- Description of the task
Without any pictures, print the lines below from the one that has "La actriz vistió" through the one that has "Honigblonde Balayage mit hellen Spitzen", exactly and nothing else.

━━ Materials provided ━━

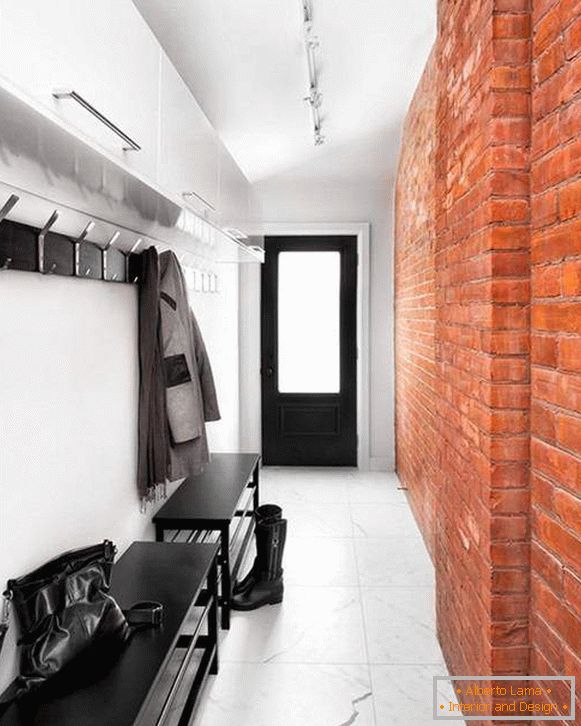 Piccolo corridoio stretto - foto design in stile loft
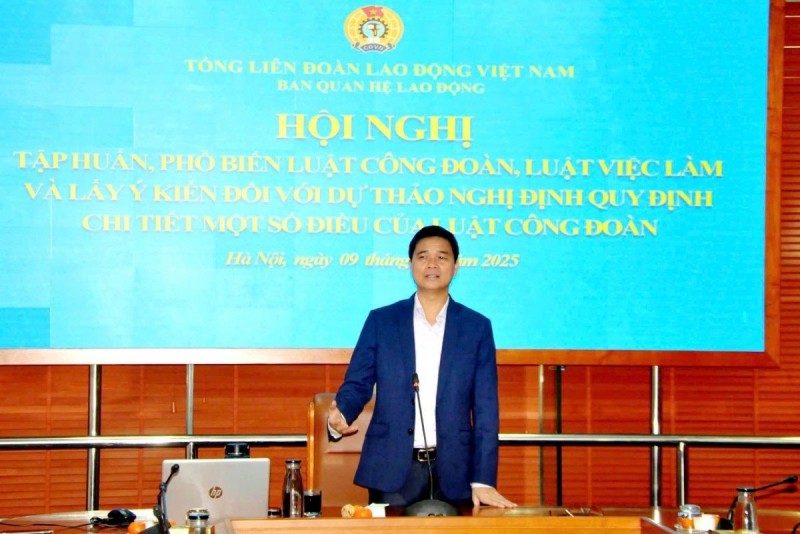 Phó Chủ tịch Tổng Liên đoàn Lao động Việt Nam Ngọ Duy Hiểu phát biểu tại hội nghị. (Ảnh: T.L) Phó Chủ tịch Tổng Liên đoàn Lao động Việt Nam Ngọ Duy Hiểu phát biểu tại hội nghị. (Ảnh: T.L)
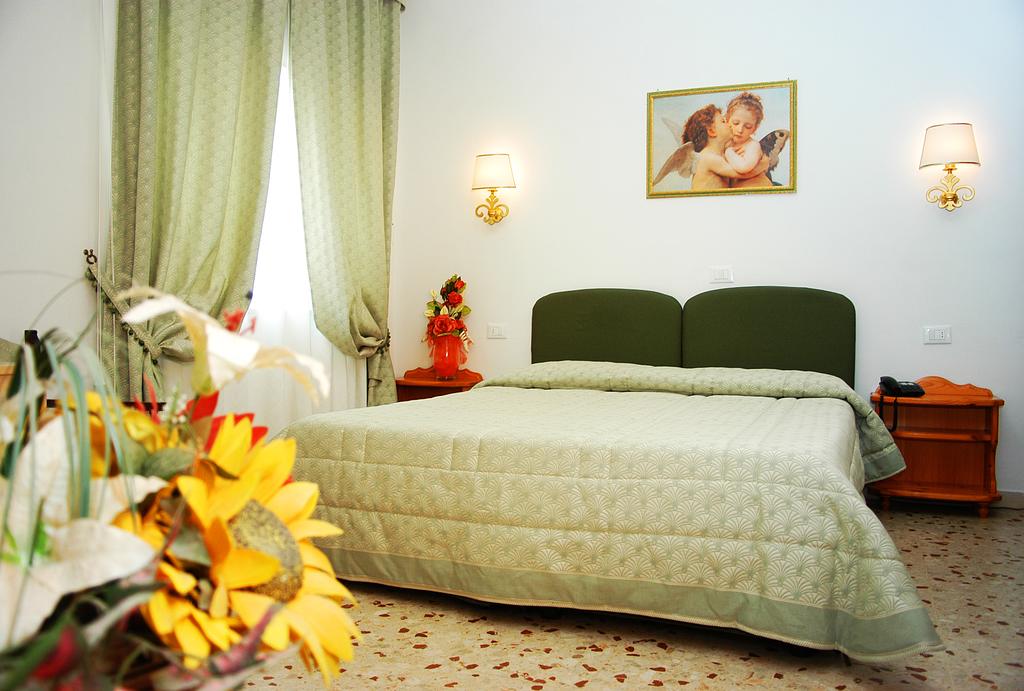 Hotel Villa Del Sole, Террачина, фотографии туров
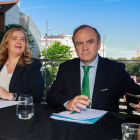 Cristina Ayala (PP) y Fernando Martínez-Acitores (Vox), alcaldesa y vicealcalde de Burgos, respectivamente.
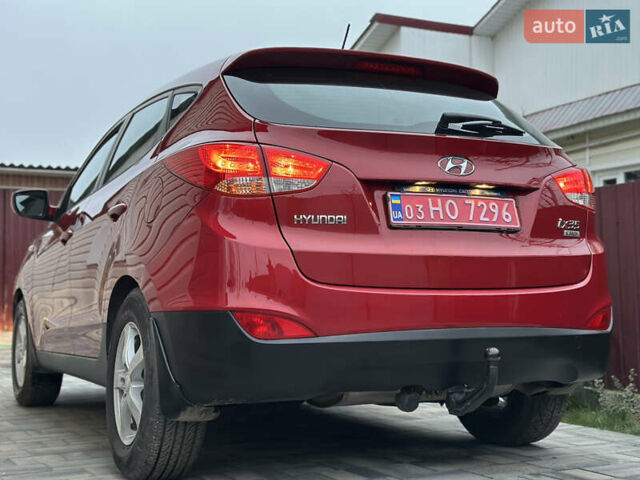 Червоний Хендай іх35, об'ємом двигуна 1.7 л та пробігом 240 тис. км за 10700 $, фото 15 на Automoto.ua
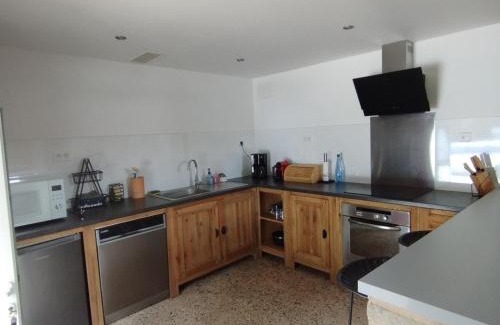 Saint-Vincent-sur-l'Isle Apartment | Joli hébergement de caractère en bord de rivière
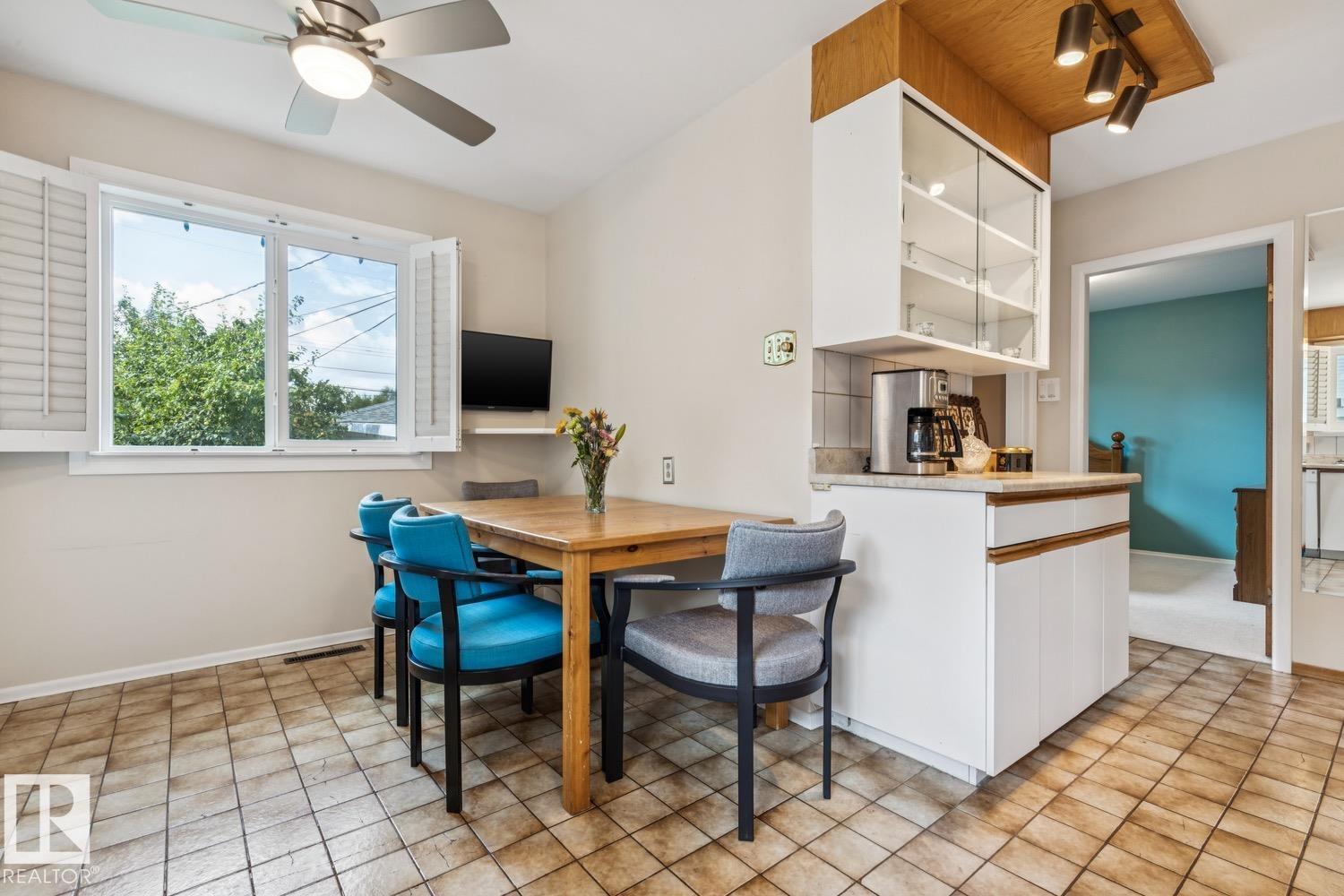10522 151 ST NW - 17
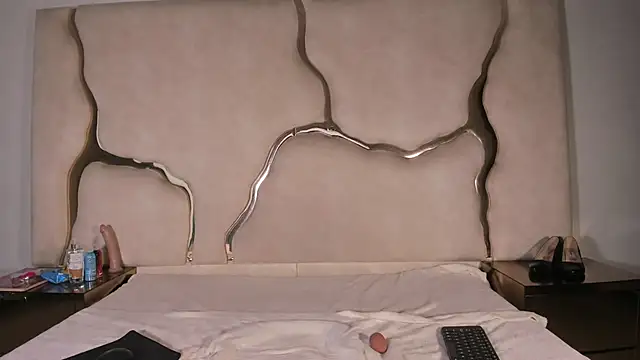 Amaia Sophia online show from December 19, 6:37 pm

━━━
━━ Materials provided ━━

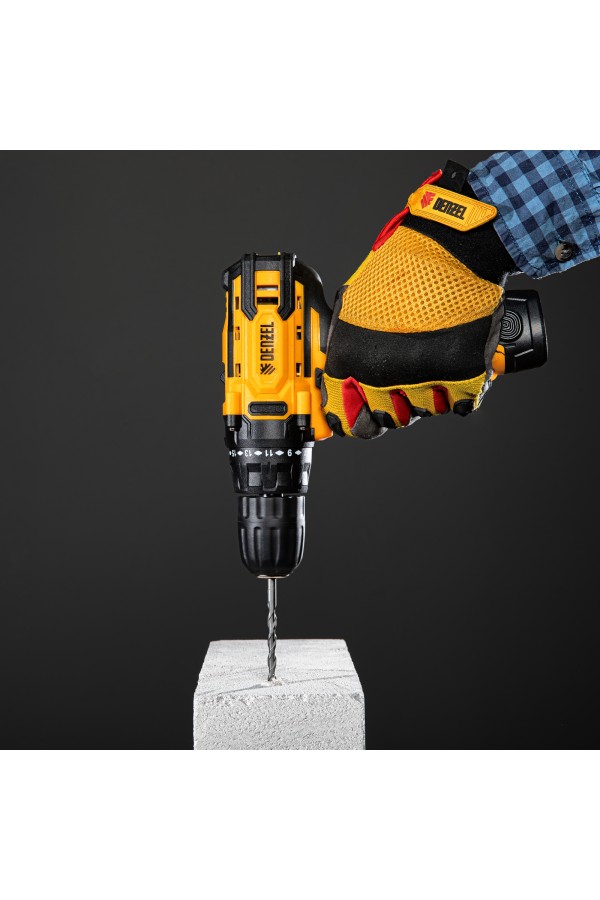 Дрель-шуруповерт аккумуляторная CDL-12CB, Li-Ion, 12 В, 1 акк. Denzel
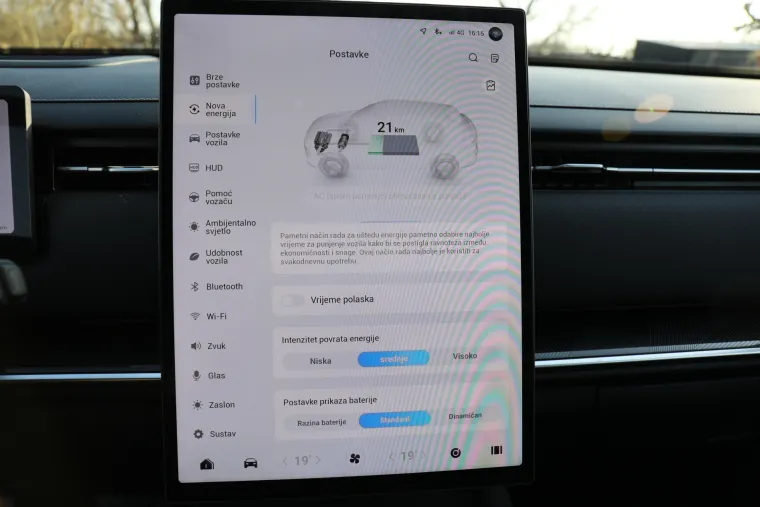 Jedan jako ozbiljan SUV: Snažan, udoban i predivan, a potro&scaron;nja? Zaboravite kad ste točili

━━━
━━ Materials provided ━━

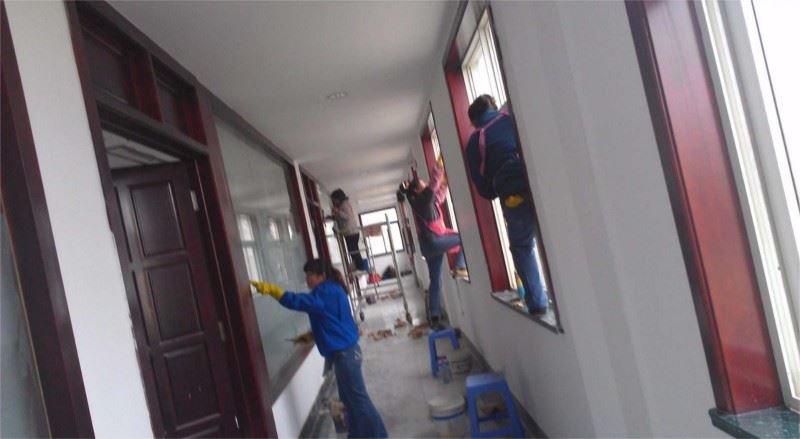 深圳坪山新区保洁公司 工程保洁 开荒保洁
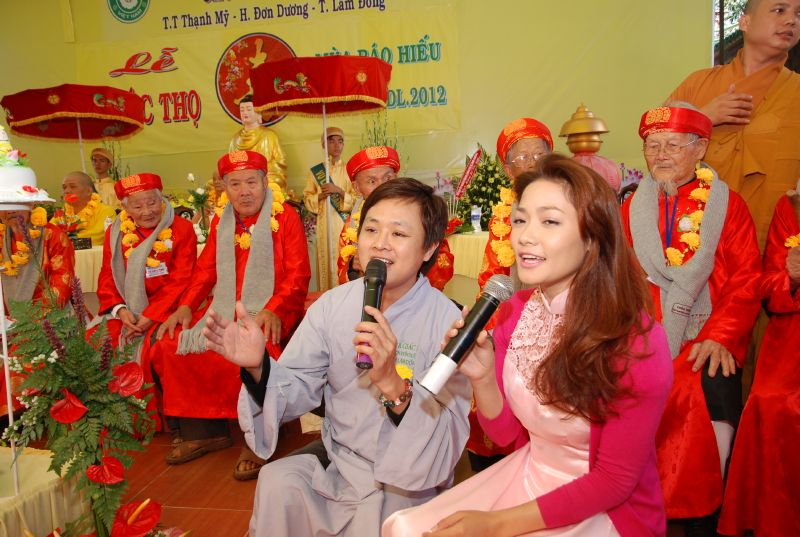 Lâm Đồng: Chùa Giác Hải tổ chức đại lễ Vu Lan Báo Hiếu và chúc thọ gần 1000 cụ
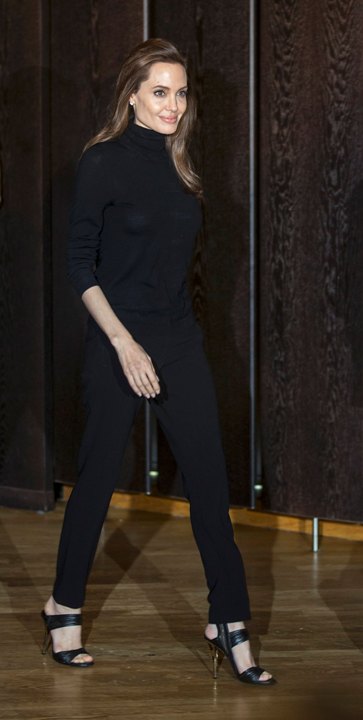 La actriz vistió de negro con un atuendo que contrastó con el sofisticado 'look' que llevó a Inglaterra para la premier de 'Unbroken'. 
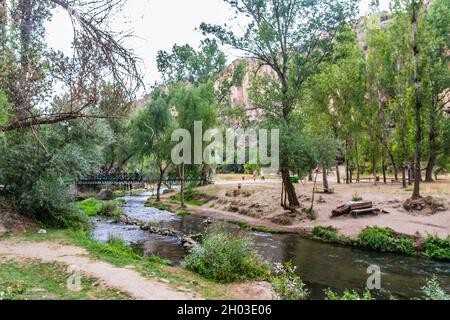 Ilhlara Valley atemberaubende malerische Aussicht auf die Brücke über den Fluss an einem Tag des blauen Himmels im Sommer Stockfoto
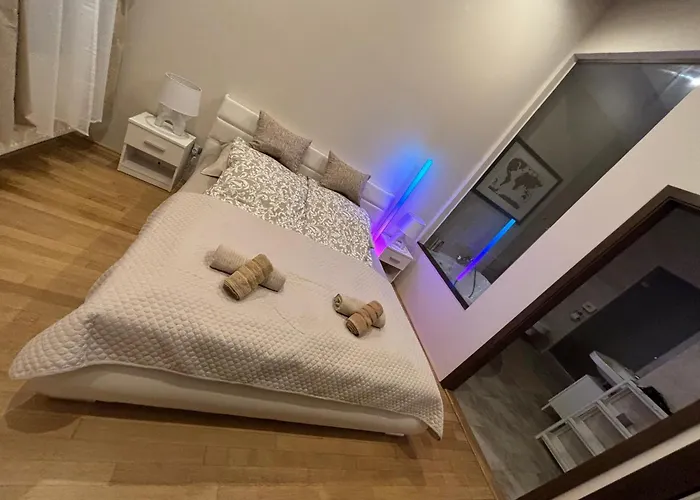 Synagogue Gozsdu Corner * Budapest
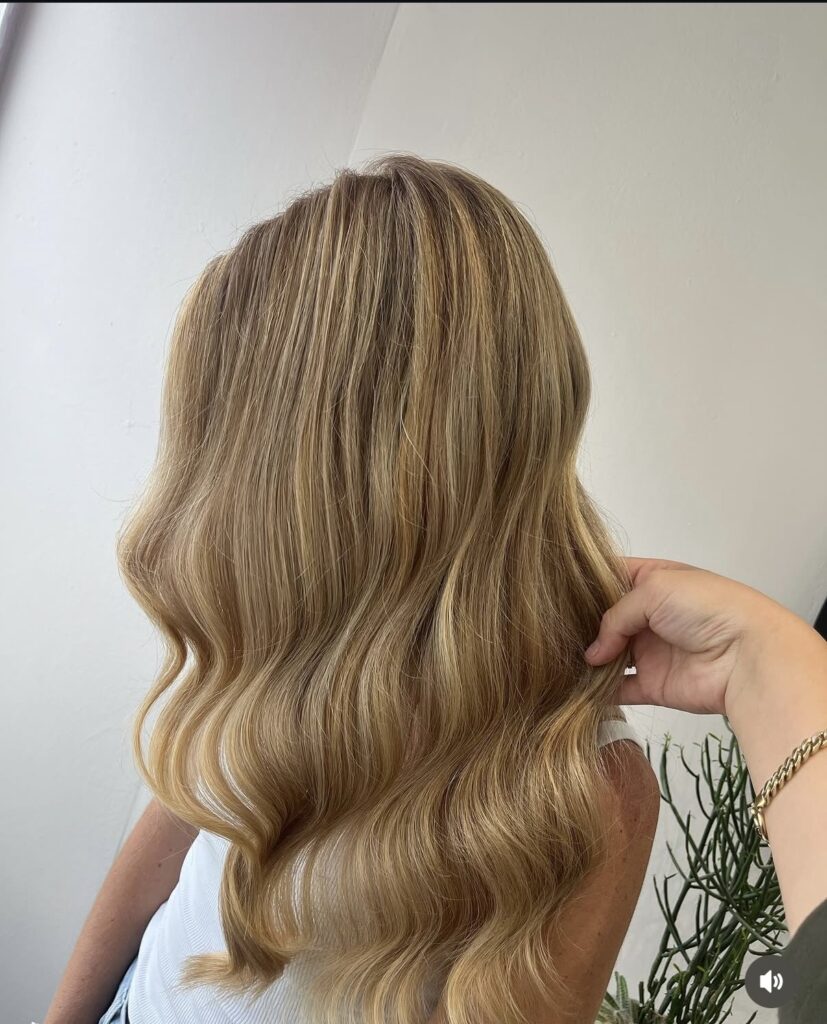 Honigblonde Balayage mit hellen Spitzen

━━━

- The completed task
 La actriz vistió de negro con un atuendo que contrastó con el sofisticado 'look' que llevó a Inglaterra para la premier de 'Unbroken'. 
 Ilhlara Valley atemberaubende malerische Aussicht auf die Brücke über den Fluss an einem Tag des blauen Himmels im Sommer Stockfoto
 Synagogue Gozsdu Corner * Budapest
 Honigblonde Balayage mit hellen Spitzen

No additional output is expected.